I’m not sure hardware is the best sub-forum for this. Multimedia may be a good one too, but since it involves specific hardware I figure this may be appropiate.
Anyway, I recently got hold of an older flatbed scanner. An AGFA Snapscan1236 to be precise. It’s connected to an older Adaptec SCSI-card: an AHA-2940. The computer runs openSuse 11.3, 64bit with KDE 4.4.4.
The combination works fine, and I get as good scans as one could expect of a 600 DPI-scanner - but only if I remember to turn on the scanner before I boot the computer.

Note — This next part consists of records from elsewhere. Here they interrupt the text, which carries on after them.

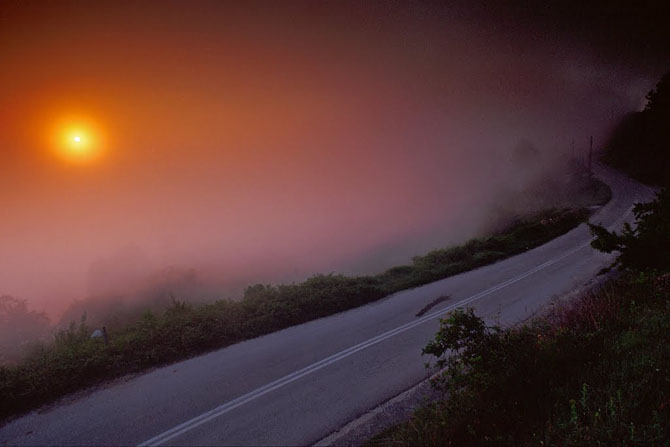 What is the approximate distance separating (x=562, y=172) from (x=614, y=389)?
81626 mm

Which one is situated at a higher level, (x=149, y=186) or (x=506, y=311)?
(x=149, y=186)

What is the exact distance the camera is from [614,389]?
4.54 metres

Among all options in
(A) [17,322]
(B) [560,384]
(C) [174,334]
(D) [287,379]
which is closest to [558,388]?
(B) [560,384]

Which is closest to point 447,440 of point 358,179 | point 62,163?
point 358,179

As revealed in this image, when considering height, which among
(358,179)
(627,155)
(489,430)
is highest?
(358,179)

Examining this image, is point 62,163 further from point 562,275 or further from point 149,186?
point 562,275

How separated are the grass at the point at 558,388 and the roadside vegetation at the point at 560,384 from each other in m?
0.01

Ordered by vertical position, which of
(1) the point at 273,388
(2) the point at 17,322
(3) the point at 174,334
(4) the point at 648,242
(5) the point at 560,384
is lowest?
(5) the point at 560,384

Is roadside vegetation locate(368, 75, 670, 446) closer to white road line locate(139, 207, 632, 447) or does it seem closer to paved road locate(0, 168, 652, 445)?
paved road locate(0, 168, 652, 445)

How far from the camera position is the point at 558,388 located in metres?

If I forget that, the scanner software (including Yast’s “Configure scanner” module) refuses to recognize there’s a scanner present. I’ve tried with KDE’s AquireImages (part of the KIPI-plugins, I believe) and xsane with the same result.
I thought they would be dynamically detected too. Anyway,
dmesg reveals nothing relating to SCSI whatsoever. In fact, after a fresh boot with the scanner turned off then turned on as soon as I logged in turns out nada with dmesg that wasn’t related to the boot-up process.
However, the rescan-scsi-bus script (thanks for that! didn’t know of it), revealed a possible culprit. I got a lot of “permission denied” when it was probing the adaptec-card when run as an ordinary user. When run with sudo it worked. I can only come to the conclusion (maybe erroneously) that’s why the scanner isn’t dynamically detected. Once the script had run, the scanner was found as it should even with my ordinary credentials.
Will try the hints in the link you provided tomorrow (middle of the night here right now…).
Okay, so I’ve tried the other methods as well. Turned out the shell-script was the most reliable solution. Not an ideal solution to be sure, but at least it works. Especially when you set up a custom sudo-rule so you don’t have to enter a password just to get the scanner to work.
Yes, I’m surprised that hal/udev doesn’t handle your scsi scanner device automatically. I must admit, I don’t have removable scsi devices to play with.
Neither do I, apart from the scanner so I don’t know if the same applies to say tape streamers but the link you provided seems to indicate it does. Unfortunately, I have no way to verify it.
Still, it should (I think) be possible to write a custom udev-rule to handle it but that’s way out of my league.